Though typing on the keyboard at a desk job isn't great for your wrists, shaking up a cocktail—in some cases, a whole two minutes—can't be good for the carpal tunnel either. Food and drink professionals are at risk of many physical injuries, as Time Out New York recently noted.

Baristas must watch out for "barista arm," or a tendinitis-like feeling after making hundreds of espressos and lattes in a 40-hour work week. Professional ice cream scoopers fear "scooper's wrist" after yanking out still-frozen flavors, especially if they contain pistachios or hazelnuts, which are harder to scoop.

Servers balance wobbly trays, squat to take your order, and refill your ice water with heavy pitchers. What injuries have you suffered while working in a restaurant or food business? Zesting your hands? The inevitable burn?

21 Comments:

Ha! I had my right foot ran over when I was a car hop if you can believe it. We weren't of the rollerskating variety though. My foot was badly bruised and very sore for about a month, but there were no broken bones.

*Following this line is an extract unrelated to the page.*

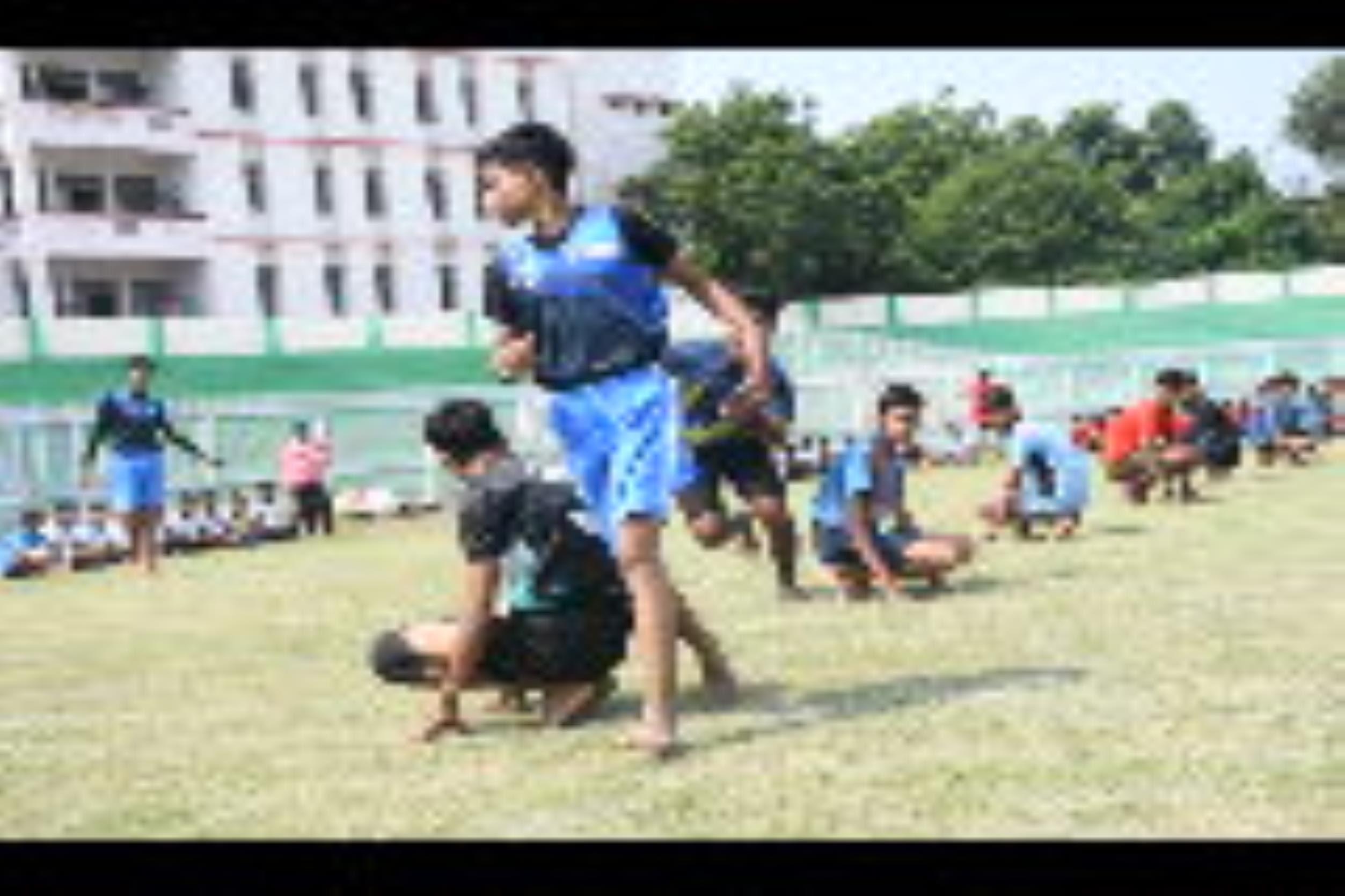 लखनऊ खो-खो एसोसिएशन की दो दिवसीय जूनियर चैंपियनशिप में सोमवार को हुए मुकाबले में भिड़तीं टीमें।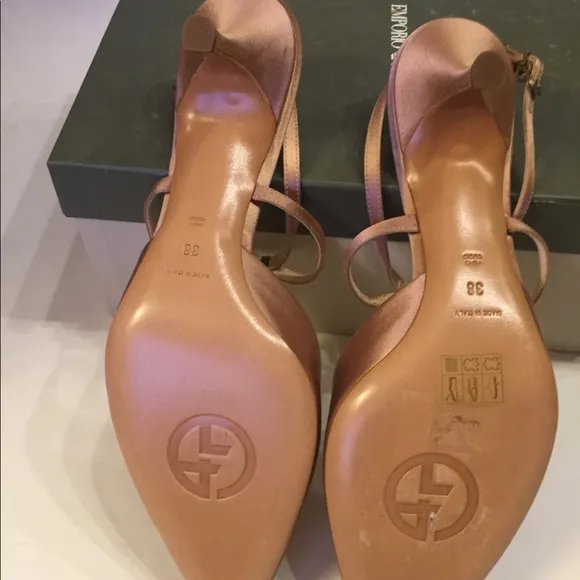 NEW Giorgio Armani Rose Satin Slingback size 38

I suffer constantly from trigger finger stiffness. It is an ailment caused by trying to quickly click back to whatever I'm supposed to be doing so that the boss doesn't catch me looking at food porn online...

When I worked in fine dining my fingertips were constantly cut up from rushing to open wine cap foils! Random, but true.

Back in 1980 the shortening for the deep fryer came in a 50-lb block. The fryer was lit and the block was sitting on the burner covers, melting into the fryer. As per the Asst. Mgr.'s suggestion I was cutting off chunks of shortening with the side edge of a long spatula. I'm not sure why but, at some point, the spatula slipped, hitting the melted oil flat. The oil splashed onto the thumb and index finger of my right hand, and all that "t'ain't", the fleshy area in-between. Yeah, that hurt!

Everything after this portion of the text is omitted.